No, the APIs for these models haven't really changed all that much since 2023. The de facto standard for the field is still the chat completions API that was released in early 2023. It is almost entirely model improvements, not tooling improvements that are driving things forward. Tooling improvements are basically entirely dependent on model improvements (if you were to stick GPT-4, Sonnet 3.5, or any other pre-2025 model in today's tooling, things would suck horribly).

fragmede 10 hours ago | parent | prev [-]

The code that's generated when given a long leash is still crap. But damned if I didn't use a JIRA mcp and a gitlab mcp, and just have the corporate AI just "do" a couple of well defined and well scoped tickets, including interacting with JIRA to get the ticket contents, update its progress, push to gitlab, and open an MR. Then, the corporate CodeRabbit does a first pass code review against the code so any glaring errors are stomped out before a human can review it. What's more scary though is that the JIRA tickets were created by a design doc that was half AI generated in the first place. The human proposed something, the AI asked clarifying questions, then broke the project down into milestones and then tickets, and then created the epic and issues on JIRA. One of my tradie friends taking an HVAC class tells me that there are a couple of programmers in his class looking to switch careers. I don't know what the future brings, but those programmers (sorry, "software developers") may have the right idea.

llmslave2 4 hours ago | parent [-]

Yes we get it, there is a ton of "work" being done in corporate environments, in which the slop that generative AI churns out is similar to the slop that humans churn out. Congrats.

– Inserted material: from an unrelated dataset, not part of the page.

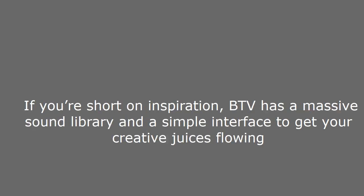If you're short on inspiration, BTV has a massive sound library and a simple interface to get your creative juices flowing.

PaulRobinson 13 hours ago | parent | prev | next [-]

LLM capability improvement is hitting a plateau with recent advancements mostly relying on accessing context locally (RAG), or remotely (MCP), with a lot of extra tokens (read: drinking water and energy), being spent prompting models for "reasoning". Foundation-wise, observed improvements are incremental, not exponential.

> able to do most programming tasks, with the limitation being our ability to specify the problem sufficiently well

We've spent 80 years trying to figure that out. I'm not sure why anyone would think we're going to crack this one anytime in the next few years.

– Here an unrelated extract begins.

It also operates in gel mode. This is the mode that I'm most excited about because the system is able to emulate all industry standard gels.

eru 12 hours ago | parent [-]

> Foundation-wise, observed improvements are incremental, not exponential.

Incremental gains are fine. I suspect capability of models scales roughly as the logarithm of their training effort.

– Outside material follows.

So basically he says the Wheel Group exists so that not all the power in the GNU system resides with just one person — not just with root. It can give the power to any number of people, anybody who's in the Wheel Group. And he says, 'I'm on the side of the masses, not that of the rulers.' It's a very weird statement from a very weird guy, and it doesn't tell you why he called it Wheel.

> (read: drinking water and energy)

Water is not much of a concern in most of the world. And you can cool without using water, if you need to. (And it doesn't have to be drinking water anyway.)

Yes, energy is a limiting factor. But the big sink is in training. And we are still getting more energy efficient. At least to reach any given capability level; of course in total we will be spending more and more energy to reach ever higher levels.

majormajor 10 hours ago | parent | prev [-]

> the limitation being our ability to specify the problem sufficiently well

Such has always been the largest issue with software development projects, IMO.

tracker1 16 hours ago | parent | prev [-]

I would think/hope that the code assist LLMs would be optimizing towards supportable/legible code solutions overall. Mostly in that they can at least provide a jumping off point, largely accepting that they more often than not won't be able to produce complete, finished solutions entirely.